Description of the task - If a line of the data below holds the word "tile", list it.

Start of Block

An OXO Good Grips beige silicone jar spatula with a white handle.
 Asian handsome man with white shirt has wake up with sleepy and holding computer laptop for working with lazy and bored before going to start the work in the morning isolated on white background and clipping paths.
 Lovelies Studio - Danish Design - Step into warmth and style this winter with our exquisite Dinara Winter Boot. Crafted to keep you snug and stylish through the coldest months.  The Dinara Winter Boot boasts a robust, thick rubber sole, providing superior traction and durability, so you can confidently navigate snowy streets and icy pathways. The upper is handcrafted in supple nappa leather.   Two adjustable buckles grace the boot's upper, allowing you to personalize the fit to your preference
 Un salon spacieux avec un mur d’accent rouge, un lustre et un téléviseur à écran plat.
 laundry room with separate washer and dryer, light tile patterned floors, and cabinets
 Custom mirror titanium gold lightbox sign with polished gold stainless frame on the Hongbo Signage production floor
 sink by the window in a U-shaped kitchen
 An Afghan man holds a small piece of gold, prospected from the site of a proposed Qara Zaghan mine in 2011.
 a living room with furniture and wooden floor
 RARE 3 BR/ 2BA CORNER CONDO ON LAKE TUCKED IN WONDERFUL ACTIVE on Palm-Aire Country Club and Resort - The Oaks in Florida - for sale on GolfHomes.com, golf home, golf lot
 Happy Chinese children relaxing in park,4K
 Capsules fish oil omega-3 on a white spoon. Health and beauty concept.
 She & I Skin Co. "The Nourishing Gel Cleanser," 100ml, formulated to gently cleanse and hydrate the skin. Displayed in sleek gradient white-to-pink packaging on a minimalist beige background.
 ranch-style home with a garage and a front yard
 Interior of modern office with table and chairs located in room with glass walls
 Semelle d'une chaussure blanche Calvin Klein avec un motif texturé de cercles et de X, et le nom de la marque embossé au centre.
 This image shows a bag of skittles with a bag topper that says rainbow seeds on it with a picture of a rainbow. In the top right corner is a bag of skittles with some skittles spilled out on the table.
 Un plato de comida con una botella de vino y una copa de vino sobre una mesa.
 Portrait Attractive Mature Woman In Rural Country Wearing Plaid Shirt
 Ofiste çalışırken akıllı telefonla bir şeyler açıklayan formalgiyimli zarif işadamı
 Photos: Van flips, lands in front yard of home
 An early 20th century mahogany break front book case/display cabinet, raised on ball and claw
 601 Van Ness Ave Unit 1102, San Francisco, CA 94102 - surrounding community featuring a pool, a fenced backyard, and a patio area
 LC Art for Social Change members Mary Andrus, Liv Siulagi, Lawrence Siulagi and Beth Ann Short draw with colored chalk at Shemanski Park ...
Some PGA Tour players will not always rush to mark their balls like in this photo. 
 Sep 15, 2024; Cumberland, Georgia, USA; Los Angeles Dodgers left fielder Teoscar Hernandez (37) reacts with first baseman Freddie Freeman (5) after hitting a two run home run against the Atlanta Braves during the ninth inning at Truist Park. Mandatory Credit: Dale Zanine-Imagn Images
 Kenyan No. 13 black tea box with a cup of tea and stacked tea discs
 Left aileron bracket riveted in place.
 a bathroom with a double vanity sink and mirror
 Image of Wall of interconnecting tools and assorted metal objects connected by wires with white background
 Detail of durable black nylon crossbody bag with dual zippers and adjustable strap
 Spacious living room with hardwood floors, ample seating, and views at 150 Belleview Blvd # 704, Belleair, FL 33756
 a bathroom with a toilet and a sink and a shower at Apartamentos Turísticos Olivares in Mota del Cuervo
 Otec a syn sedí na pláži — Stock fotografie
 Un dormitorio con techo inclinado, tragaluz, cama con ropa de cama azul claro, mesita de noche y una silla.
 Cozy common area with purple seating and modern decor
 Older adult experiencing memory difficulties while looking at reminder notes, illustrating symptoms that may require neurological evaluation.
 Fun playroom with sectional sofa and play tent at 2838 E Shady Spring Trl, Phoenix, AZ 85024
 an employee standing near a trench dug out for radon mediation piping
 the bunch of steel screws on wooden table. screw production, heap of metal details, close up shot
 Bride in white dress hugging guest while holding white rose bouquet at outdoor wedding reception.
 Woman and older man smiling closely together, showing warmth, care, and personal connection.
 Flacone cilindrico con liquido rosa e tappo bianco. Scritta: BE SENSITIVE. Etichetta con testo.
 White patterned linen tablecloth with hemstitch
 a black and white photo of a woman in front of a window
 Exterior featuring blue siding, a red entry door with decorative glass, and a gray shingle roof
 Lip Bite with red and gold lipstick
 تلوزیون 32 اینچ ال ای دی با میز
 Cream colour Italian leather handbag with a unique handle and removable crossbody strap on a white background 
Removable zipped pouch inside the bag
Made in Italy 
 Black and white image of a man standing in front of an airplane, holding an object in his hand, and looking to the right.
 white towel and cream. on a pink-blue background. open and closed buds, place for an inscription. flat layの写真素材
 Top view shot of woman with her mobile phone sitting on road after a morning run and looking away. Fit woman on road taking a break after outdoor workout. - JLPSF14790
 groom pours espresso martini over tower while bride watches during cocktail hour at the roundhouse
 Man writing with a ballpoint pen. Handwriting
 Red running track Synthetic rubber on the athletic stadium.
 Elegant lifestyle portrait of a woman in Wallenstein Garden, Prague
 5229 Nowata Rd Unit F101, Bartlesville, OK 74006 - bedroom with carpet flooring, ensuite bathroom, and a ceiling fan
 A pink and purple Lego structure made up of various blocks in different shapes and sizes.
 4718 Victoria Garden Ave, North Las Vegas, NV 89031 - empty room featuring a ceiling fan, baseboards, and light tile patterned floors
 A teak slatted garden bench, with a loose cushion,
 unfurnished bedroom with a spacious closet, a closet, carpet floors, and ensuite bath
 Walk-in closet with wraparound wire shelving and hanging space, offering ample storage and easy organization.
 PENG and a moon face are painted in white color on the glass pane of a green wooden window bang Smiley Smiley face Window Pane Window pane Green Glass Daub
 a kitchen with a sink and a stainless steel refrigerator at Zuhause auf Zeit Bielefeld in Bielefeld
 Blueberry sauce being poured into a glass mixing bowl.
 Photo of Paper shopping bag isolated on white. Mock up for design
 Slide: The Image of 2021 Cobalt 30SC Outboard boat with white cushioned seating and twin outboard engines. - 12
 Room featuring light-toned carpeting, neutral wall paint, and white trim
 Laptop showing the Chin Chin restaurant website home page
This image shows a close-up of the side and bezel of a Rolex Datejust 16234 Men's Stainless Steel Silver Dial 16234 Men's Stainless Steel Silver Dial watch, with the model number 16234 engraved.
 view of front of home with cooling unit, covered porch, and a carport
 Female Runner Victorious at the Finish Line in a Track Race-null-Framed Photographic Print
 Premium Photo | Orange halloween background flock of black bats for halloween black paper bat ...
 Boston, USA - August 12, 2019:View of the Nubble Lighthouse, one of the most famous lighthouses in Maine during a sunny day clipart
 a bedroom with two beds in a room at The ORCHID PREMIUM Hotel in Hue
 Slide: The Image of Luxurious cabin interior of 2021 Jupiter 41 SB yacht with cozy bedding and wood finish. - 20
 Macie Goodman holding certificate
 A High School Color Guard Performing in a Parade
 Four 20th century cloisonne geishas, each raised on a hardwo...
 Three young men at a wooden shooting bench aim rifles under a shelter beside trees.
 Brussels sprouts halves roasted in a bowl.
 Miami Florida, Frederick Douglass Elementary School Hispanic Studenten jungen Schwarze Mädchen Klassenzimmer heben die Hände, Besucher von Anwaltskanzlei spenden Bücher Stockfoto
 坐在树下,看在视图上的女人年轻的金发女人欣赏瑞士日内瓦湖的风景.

End of Block

Response to this task -
 laundry room with separate washer and dryer, light tile patterned floors, and cabinets
 4718 Victoria Garden Ave, North Las Vegas, NV 89031 - empty room featuring a ceiling fan, baseboards, and light tile patterned floors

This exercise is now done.